Your instructions = If any record holds an image, omit the image and print the rest exactly.

━━━━━ Available data

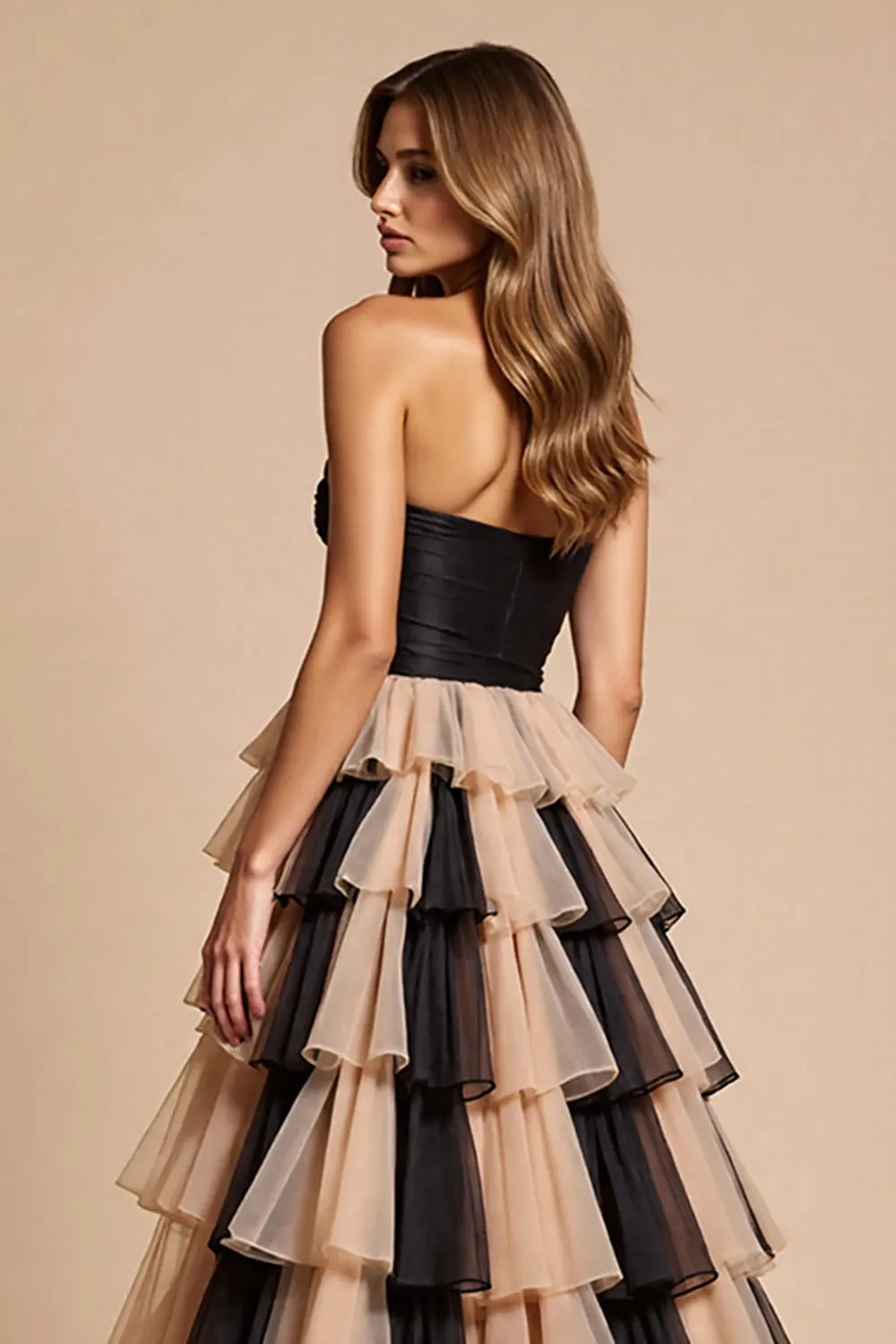 Black and Pink Tulle A Line Long Prom Dress with Slit sold by Zapaka product image thumbnail 4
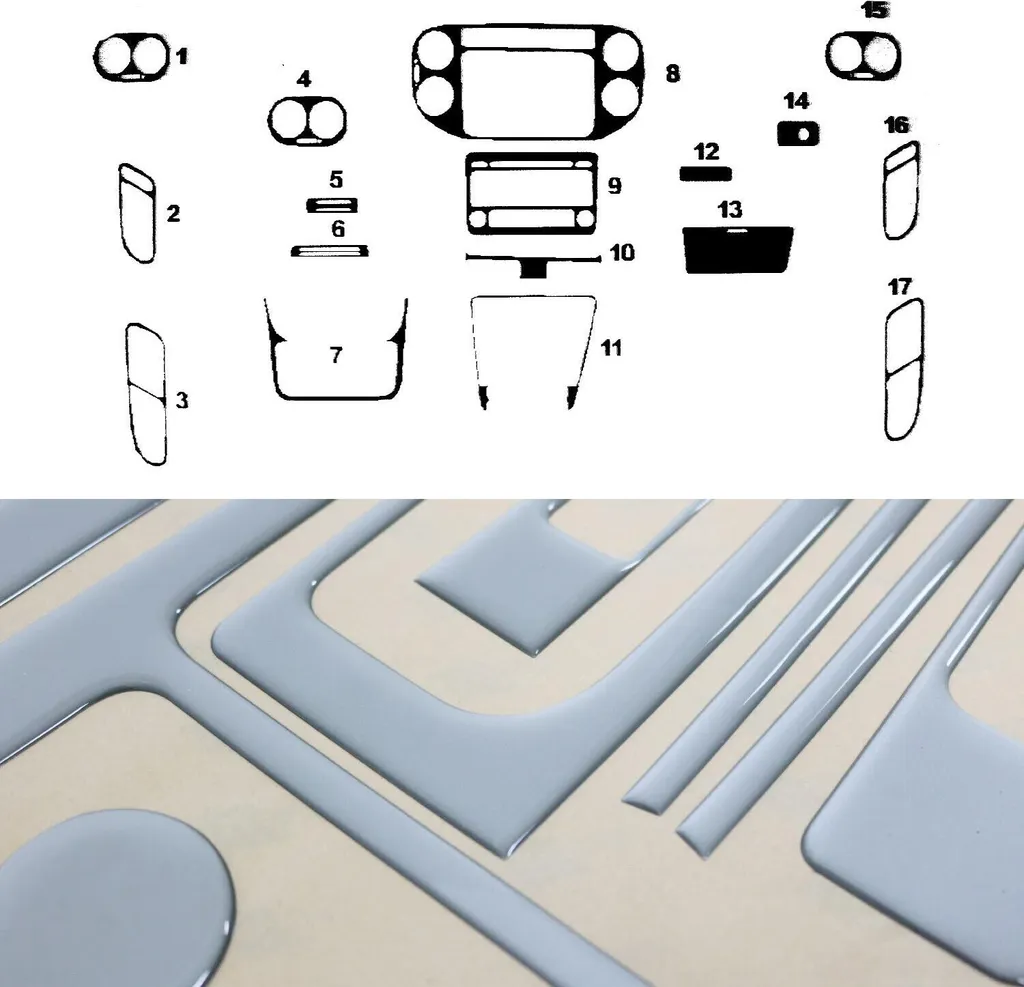 Kit Décoration Cockpit VW Tiguan 2011-2016 - Look Aluminium brossé 17pcs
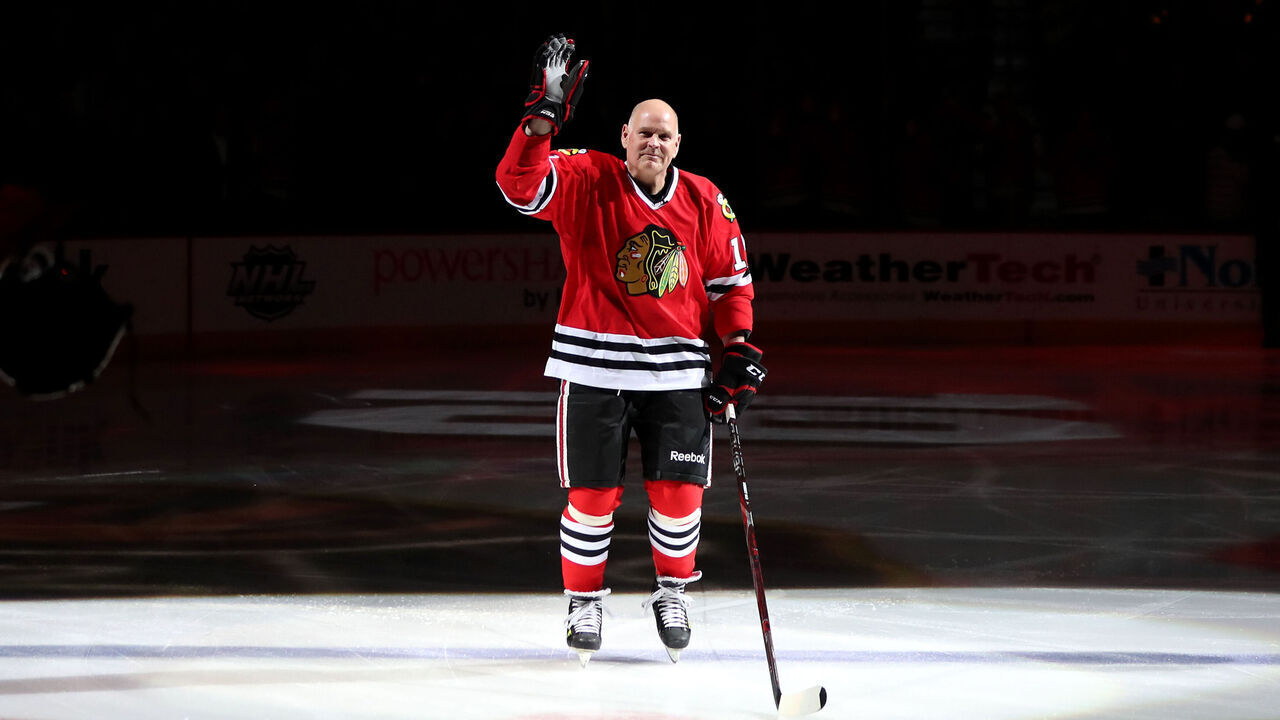 CHICAGO, IL - FEBRUARY 21: Troy Murray, former player for the Chicago Blackhawks, is honored during the "One More Shift" campaign prior to the game against the Ottawa Senators at the United Center on February 21, 2018 in Chicago, Illinois.
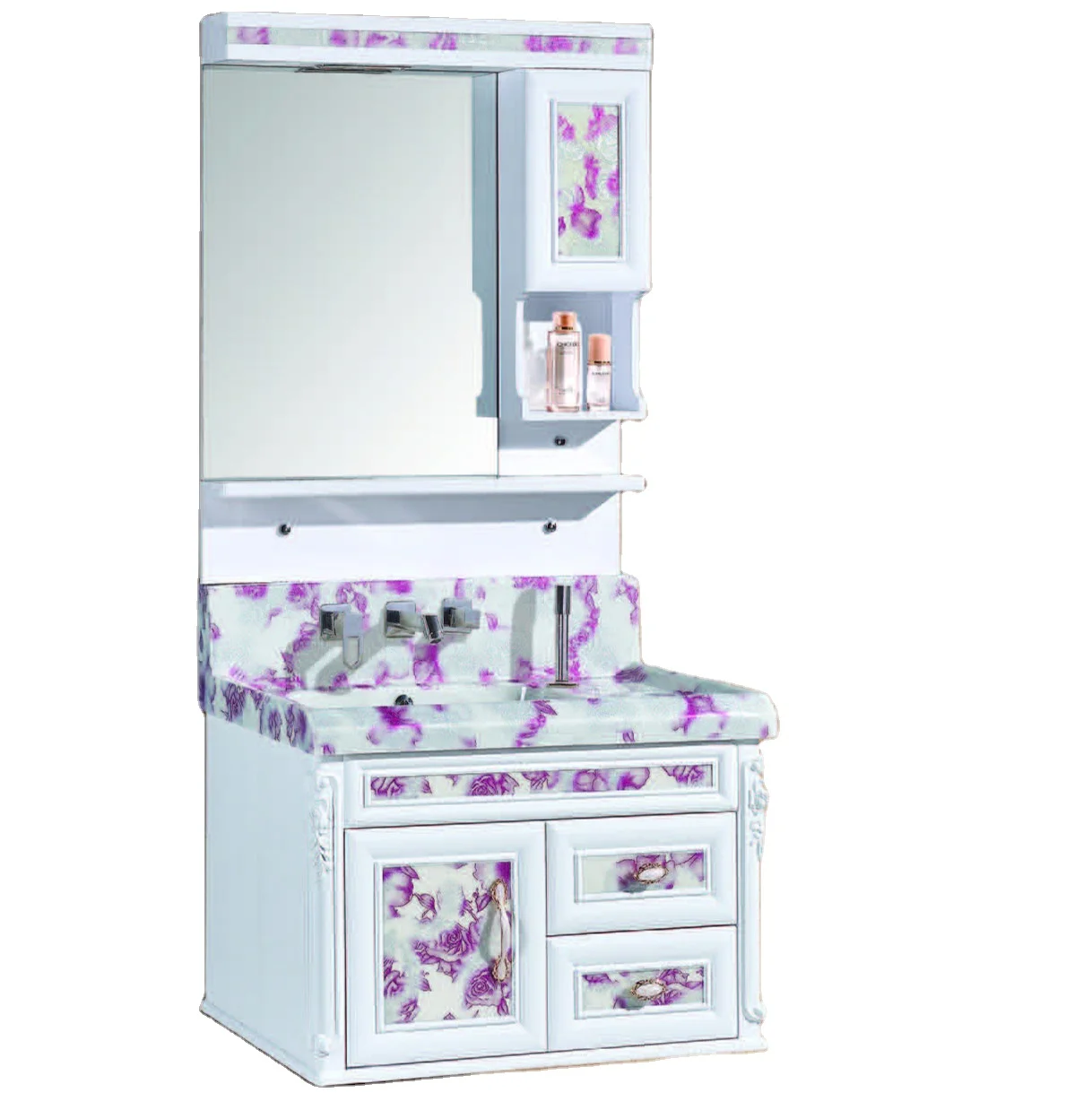 PVC White Bathroom Cabinet with Flowers Pattern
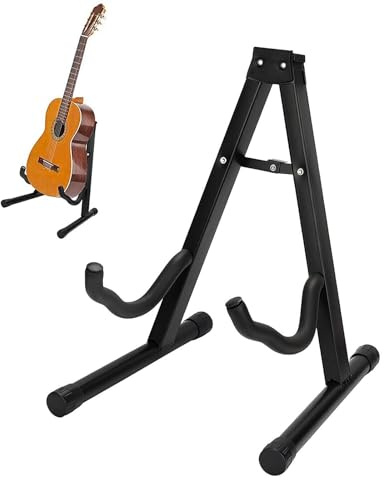Guitar Stand,Universal A Frame,Heavy Duty A-Frame, Foldable Portable Floor Stand,Fits All Guitars,Acoustic Electric & Bass Guitars,Lightweight Compact Guitar Holder for Home Studio Stage Practice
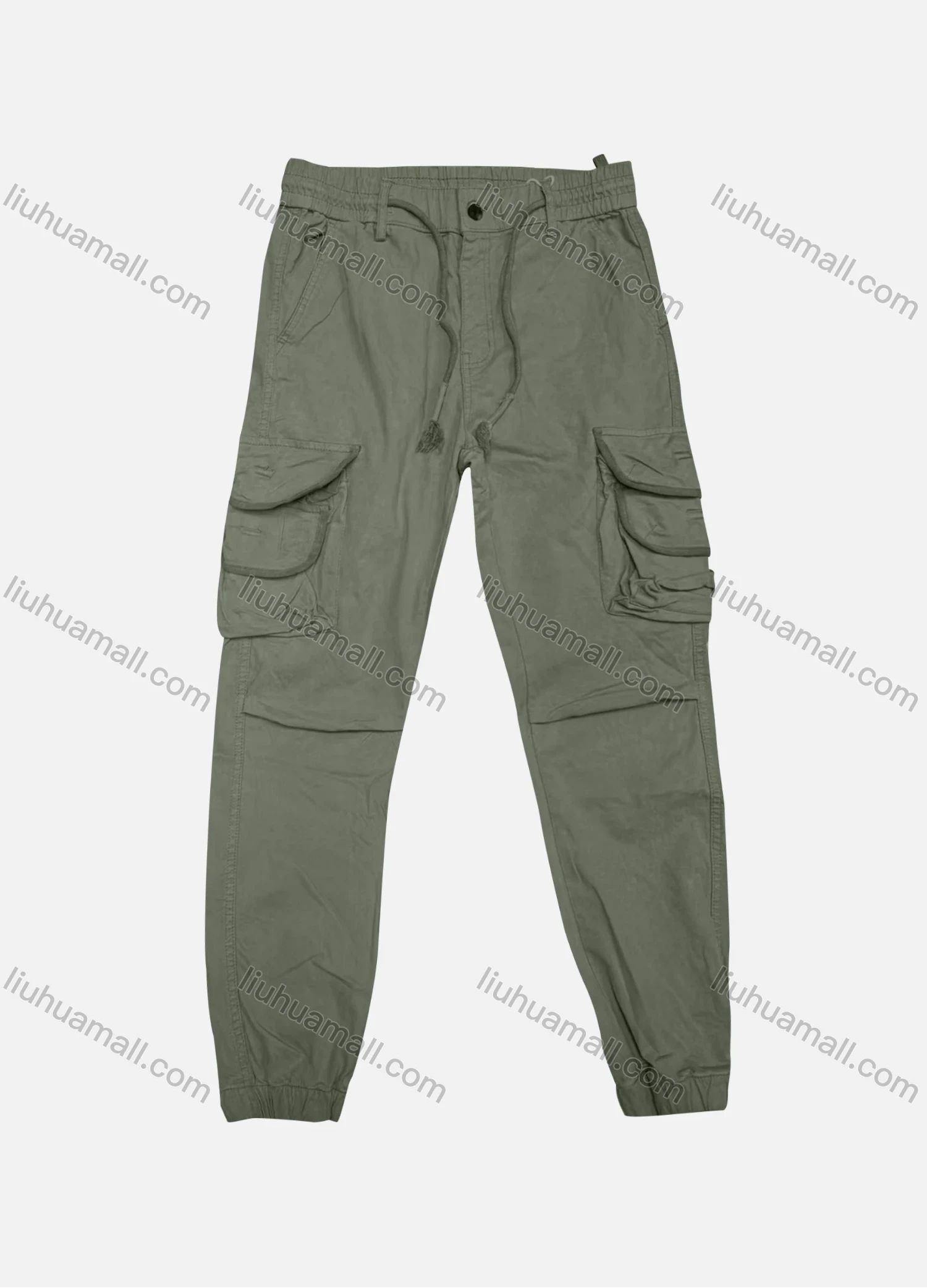 Wholesale Men's Casual Plain Flap Pockets Drawstring Cargo Pant 8108# - Liuhuamall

━━━━━━━━━━

Reply to the exercise =
 Black and Pink Tulle A Line Long Prom Dress with Slit sold by Zapaka product image thumbnail 4
 Kit Décoration Cockpit VW Tiguan 2011-2016 - Look Aluminium brossé 17pcs
 CHICAGO, IL - FEBRUARY 21: Troy Murray, former player for the Chicago Blackhawks, is honored during the "One More Shift" campaign prior to the game against the Ottawa Senators at the United Center on February 21, 2018 in Chicago, Illinois.
 PVC White Bathroom Cabinet with Flowers Pattern
Guitar Stand,Universal A Frame,Heavy Duty A-Frame, Foldable Portable Floor Stand,Fits All Guitars,Acoustic Electric & Bass Guitars,Lightweight Compact Guitar Holder for Home Studio Stage Practice
 Wholesale Men's Casual Plain Flap Pockets Drawstring Cargo Pant 8108# - Liuhuamall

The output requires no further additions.